So, how do you remove sewn on patches? Removing sewn on patches often requires the use of a seam ripper. You will have to go under each thread and break it down with the seam ripper, eventually removing the patch. The tricky part comes in if the patch is also ironed on, which many are, but there are methods you can use to remove it.
Removing a sewn on patch from clothing is not as easy as it would seem. The threads attaching it to your piece of clothing may leave holes in the fabric, and it is quite easy to tear your fabric with a seam ripper if you move too quickly and aren’t careful.
Read on to learn about all of the ways you can remove a sewn on patch!
The Tools You Need to Remove a Sewn On Patch
A handy sewing kit will have many of the tools you need for removing sewn on patches, but learn a little but more about the tools you should have on hand:
- A seam ripper: The main function of this handy tool is to tear or rip out stitches, as the name would imply. The general design is a plastic or rubber handle and a metal head that is forked and has a sharp point.
- You slide the tip of the metal head under stitched threads and carefully tear them out. You will need it to remove your sewn on patch or a piece of embroidery you no longer want on your cloth.
- A pair of tweezers: These are used to pick up and pull out threads when you are removing your sewn on patch. Their fine tipped point is helpful to grasp torn threads to tug them out, sparing your fingers from developing a cramp.
- A pair of scissors: A good pair of sewing/embroidery scissors is useful for cutting threads as you go.

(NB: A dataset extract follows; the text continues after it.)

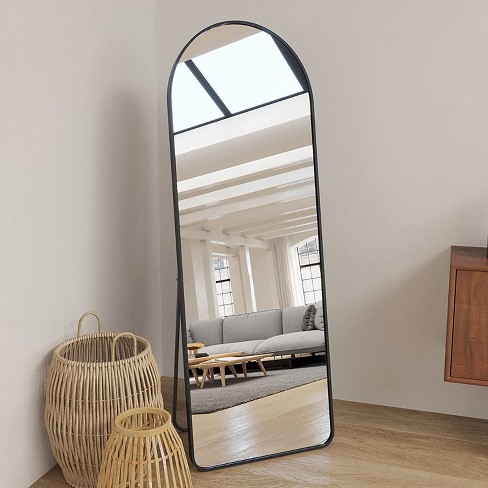 Bow Large Decorative Mirrors For Living Room,65 x 22 Black Aluminum Alloy  Frame Full Length Mirror Floor Mirror Hanging Standing-The Pop Home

- A magnifying glass: While this might not be in your sewing kit already, they’re incredibly helpful to have on hand for craft projects that involve fine techniques. You can use them to magnify areas where you are working and help you identify what stitches to pull out.

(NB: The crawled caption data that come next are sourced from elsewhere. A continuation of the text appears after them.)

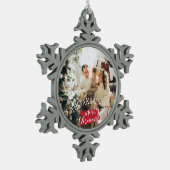 写真とパーソナライズされた名前クリスマス スノーフレークピューターオーナメント (左)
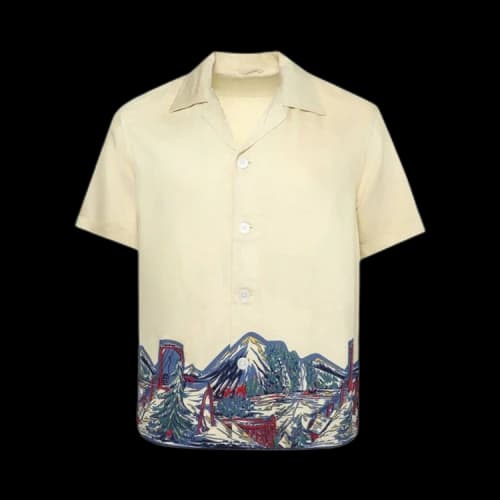 Bode Ski Lift Short-Sleeve Shirt 'White/Multicolor'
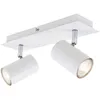 Image de Briloner - Plafonnier Spot Leuchten Run, 40 W, Ip20, Blanc, Métal, Incl., 2x Gu10, 29 X 8 X 12,3 Cm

- A lint remover: Also known as a lint brush or lint roller, this tool picks up stray threads and removes them from your workspace while you carefully rip threads out. In a pinch, a piece of tape does much the same thing.

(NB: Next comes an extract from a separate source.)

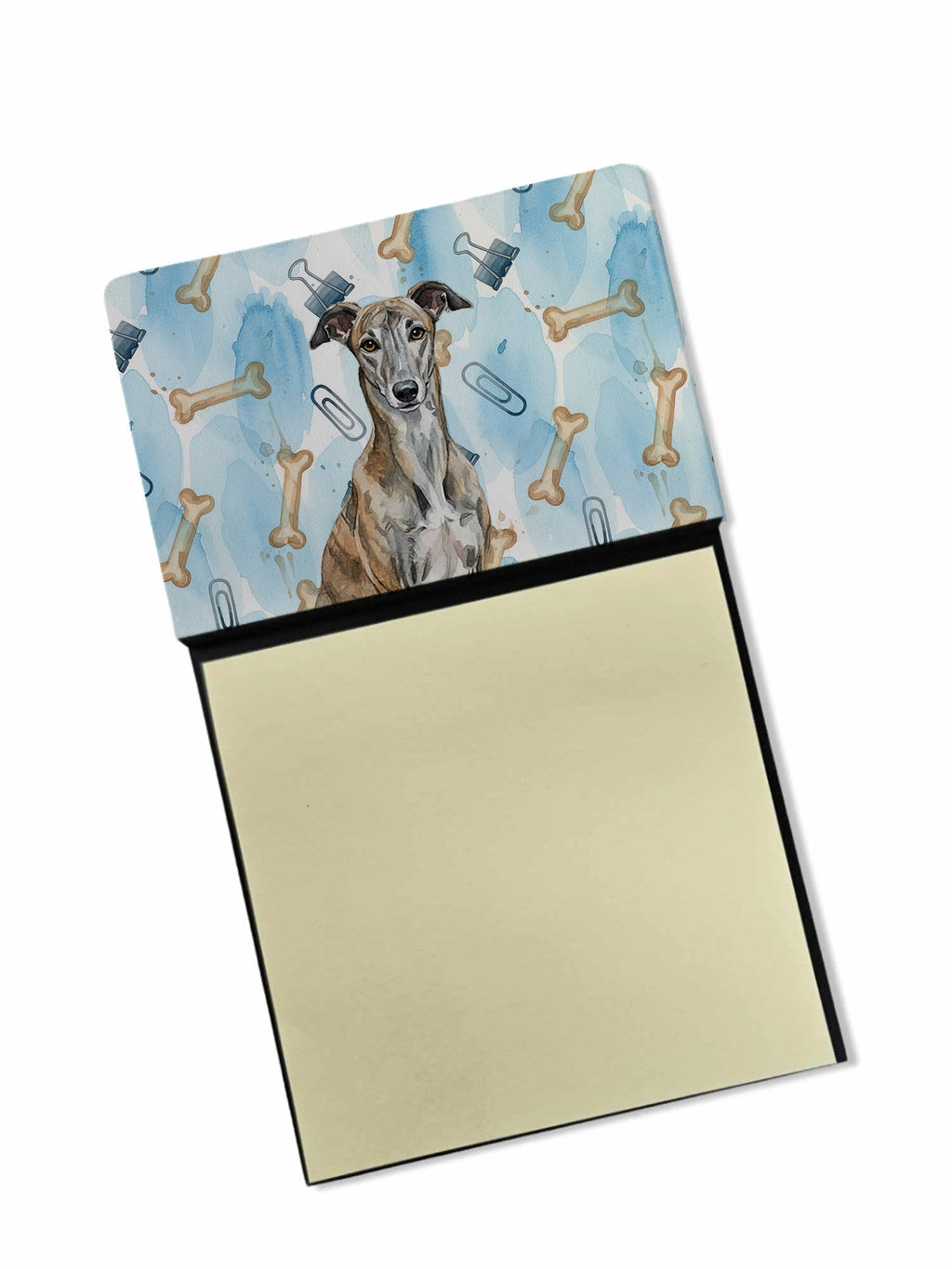 Brindle Greyhound Coworker Watercolor Sticky Note Holder Refillable Dispenser Desk Accessory 3x3 Pad Gift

When you have a patch that needs to be removed, you really need – at bare minimum – a seam ripper and scissors. The other items are incredibly handy to help you work effectively and efficiently.
Removing a Sewn On Patch
Now that you have your tools ready, let’s get on to removing your less-than-ideal patch without ruining your clothes or backpack.
To remove a sewn on patch, follow these easy instructions:
1. Evaluate the stitching that is affixing the patch to the fabric. Are there many small threads that need to be removed or a few clean lines that will not take nearly as long to cut out?
2. Insert your seam ripper under the first stitch and pull it up. Be very careful that you do not tear your article of clothing or piece of fabric. The seam ripper will cut through the thread as you pull it up.
3. Continue inserting the seam ripper and tearing out stitches all of the way around the patch. If you have a patch that was embroidered on, it may take awhile to get each thread. Do this carefully and don’t lose your patience.
You may be able to pull out thread without tearing out each stitch, but this is not advised because it is easy to widen the holes in your fabric or even tear the fabric if you do not cut each stitch.
4. Finally, when you’ve gotten all of the way around your patch, you can trim any remaining threads with scissors and take the patch off.
5. Clean up the fabric with your tweezers and/or lint remover to remove all stray threads.
6. Launder the fabric per the fabric’s directions to help minimize the appearance of any holes. Save or discard the patch, depending on your use for it.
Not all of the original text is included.